Memvalidasi integrasi dan jejak audit

Langkah validasi adalah apa yang diperiksa regulator dan yang paling sering dilewati publisher. Deployment PostHog yang terintegrasi dengan benar harus lulus empat pengujian secara berurutan. Pertama, sesi browser bersih dengan banner ditampilkan tetapi tidak ada pilihan yang dibuat harus menghasilkan nol permintaan ke api_host yang dikonfigurasi di luar pengambilan file SDK, nol cookie ph_ di document.cookie, dan nol entri ph_ di localStorage. Kedua, menolak analitik harus mempertahankan status tersebut — tidak ada pengambilan, tidak ada perekaman, tidak ada pengenal persisten. Ketiga, menerima analitik harus menghasilkan peristiwa $opt_in segera, entri persistensi ph_{projectKey}_posthog yang diharapkan dengan atribut SameSite yang benar, dan lalu lintas peristiwa yang mengalir ke host yang dikonfigurasi. Keempat, menarik consent setelah itu harus segera menghentikan pengambilan dan replay lebih lanjut, kedaluwarsa pengenal persisten, dan memicu permintaan penghapusan melalui API GDPR PostHog jika pengguna telah menggunakan penghapusan.

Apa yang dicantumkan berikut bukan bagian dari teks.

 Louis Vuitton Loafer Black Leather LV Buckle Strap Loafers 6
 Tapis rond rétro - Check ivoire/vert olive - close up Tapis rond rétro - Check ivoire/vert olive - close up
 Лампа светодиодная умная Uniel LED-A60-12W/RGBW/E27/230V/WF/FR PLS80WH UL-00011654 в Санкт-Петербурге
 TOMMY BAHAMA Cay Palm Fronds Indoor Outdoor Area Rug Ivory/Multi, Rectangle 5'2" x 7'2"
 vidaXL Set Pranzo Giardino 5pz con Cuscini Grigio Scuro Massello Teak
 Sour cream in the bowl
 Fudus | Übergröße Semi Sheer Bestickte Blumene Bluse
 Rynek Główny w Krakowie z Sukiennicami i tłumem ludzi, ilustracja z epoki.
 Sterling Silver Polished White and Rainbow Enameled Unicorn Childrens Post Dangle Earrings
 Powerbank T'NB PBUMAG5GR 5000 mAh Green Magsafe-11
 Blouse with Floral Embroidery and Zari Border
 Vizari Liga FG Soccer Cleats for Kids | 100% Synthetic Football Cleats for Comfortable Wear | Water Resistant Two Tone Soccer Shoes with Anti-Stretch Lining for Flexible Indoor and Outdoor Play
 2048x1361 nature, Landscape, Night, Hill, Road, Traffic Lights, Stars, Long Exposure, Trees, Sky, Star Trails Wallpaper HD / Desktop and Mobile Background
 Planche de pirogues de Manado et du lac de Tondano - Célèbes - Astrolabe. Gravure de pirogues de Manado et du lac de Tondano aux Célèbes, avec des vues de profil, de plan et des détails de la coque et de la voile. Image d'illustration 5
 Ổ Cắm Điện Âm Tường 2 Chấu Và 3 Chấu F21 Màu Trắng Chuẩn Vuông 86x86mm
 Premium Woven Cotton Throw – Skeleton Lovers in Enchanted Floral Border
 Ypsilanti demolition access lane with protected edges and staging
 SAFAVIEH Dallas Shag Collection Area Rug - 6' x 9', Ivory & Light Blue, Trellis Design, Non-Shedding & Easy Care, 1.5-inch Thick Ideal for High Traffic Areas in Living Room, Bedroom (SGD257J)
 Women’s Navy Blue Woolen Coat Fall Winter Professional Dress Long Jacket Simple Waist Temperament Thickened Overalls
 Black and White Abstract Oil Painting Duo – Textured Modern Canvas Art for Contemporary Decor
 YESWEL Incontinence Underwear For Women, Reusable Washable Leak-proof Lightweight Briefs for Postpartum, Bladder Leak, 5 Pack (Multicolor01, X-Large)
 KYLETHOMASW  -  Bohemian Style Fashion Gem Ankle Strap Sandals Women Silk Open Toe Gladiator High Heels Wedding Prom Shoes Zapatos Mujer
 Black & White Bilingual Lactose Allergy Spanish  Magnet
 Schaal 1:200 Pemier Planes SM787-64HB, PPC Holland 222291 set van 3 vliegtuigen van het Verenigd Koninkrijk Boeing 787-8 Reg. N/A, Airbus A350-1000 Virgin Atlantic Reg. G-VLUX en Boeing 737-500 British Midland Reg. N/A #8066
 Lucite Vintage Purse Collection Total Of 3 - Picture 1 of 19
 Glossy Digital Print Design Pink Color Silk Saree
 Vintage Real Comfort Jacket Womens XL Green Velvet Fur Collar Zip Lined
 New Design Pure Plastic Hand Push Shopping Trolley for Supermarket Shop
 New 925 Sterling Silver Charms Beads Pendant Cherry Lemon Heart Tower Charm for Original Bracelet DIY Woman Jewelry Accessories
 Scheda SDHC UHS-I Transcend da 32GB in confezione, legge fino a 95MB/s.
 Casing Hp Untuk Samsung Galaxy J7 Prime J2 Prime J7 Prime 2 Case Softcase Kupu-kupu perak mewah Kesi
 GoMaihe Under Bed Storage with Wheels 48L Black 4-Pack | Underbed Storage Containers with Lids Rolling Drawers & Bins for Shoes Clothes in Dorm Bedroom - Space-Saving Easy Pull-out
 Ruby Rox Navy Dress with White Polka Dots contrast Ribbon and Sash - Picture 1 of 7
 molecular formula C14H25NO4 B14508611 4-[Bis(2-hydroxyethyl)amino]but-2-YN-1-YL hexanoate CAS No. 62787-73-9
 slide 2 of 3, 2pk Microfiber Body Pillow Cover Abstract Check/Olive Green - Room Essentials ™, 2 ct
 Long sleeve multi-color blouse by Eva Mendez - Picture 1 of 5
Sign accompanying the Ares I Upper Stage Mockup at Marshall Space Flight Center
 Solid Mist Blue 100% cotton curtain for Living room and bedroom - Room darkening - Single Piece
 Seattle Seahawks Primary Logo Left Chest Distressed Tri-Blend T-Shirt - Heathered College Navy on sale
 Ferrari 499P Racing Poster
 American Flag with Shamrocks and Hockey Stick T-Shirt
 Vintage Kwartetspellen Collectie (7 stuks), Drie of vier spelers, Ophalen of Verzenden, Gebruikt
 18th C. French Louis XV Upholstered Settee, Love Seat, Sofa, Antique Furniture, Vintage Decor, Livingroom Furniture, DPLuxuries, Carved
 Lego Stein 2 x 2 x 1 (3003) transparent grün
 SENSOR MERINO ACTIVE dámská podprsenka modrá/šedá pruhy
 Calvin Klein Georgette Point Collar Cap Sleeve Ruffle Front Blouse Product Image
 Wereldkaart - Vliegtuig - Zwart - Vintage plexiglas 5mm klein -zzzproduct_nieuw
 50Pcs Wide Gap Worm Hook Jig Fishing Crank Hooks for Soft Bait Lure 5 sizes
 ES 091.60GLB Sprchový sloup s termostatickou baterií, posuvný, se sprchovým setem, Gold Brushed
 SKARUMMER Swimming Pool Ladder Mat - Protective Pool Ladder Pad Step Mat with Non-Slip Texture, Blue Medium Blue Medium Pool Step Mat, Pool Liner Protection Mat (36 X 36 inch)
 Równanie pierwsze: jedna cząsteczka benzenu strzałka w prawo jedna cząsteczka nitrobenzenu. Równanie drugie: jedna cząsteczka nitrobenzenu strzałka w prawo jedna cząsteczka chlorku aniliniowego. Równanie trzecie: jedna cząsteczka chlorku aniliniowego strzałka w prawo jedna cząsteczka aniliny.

Ekspektasi jejak audit di bawah panduan banner cookie EDPB 2023 dan prioritas gugus tugas 2026 yang diperbarui adalah bahwa publisher dapat membuktikan, untuk peristiwa apa pun dalam proyek PostHog, bahwa pengguna yang menghasilkannya telah memberikan consent yang valid pada saat pengambilan. Pola standar adalah menetapkan versi consent dan stempel waktu sebagai properti orang pada ID berbeda melalui posthog.setPersonProperties({ consent_version: 'v3', consent_ts: ts }) sehingga setiap peristiwa individual dapat ditelusuri kembali ke entri log consent tertentu. Deployment yang digerbang dengan benar, dipasangkan dengan pemilihan wilayah yang sesuai dengan audiens, persistensi yang default ke memori, dan jalur penghapusan yang diaktifkan saat penarikan, adalah apa yang mengubah PostHog dari risiko konsentrasi regulasi menjadi pusat tumpukan analitik produk yang dapat dipertahankan.